** PROBLEM **
From the entries below, print exactly the span beginning with the line holding "Hindi in the" and ending with the line holding "Welcome to Tech", endpoints included, and skip any pictures.

** DATA FOR ANALYSIS **

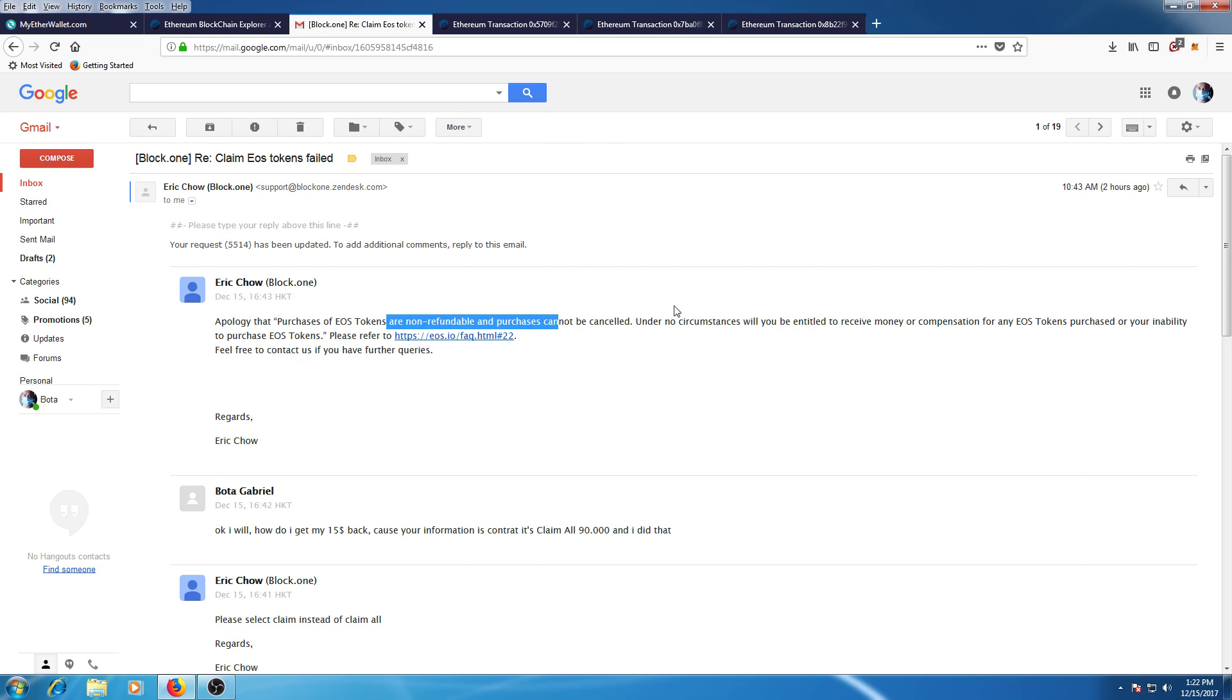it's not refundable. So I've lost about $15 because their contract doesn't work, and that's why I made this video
--
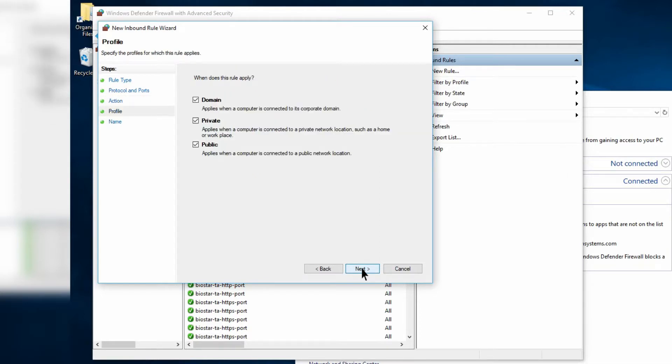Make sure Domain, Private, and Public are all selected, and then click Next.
...
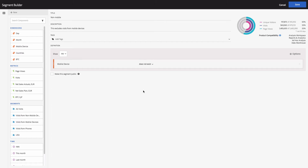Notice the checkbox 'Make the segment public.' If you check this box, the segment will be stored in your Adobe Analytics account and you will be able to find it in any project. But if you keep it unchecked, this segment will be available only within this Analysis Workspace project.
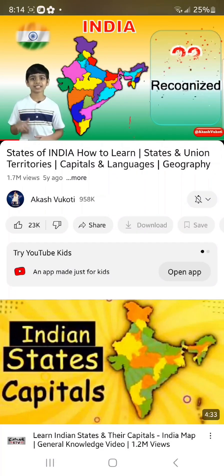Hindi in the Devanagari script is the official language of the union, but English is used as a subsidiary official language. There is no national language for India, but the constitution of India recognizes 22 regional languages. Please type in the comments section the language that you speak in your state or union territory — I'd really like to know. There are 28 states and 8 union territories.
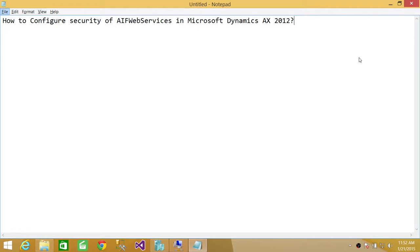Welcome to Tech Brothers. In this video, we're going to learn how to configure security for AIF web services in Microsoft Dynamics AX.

** YOUR SOLUTION **
Hindi in the Devanagari script is the official language of the union, but English is used as a subsidiary official language. There is no national language for India, but the constitution of India recognizes 22 regional languages. Please type in the comments section the language that you speak in your state or union territory — I'd really like to know. There are 28 states and 8 union territories.
Welcome to Tech Brothers. In this video, we're going to learn how to configure security for AIF web services in Microsoft Dynamics AX.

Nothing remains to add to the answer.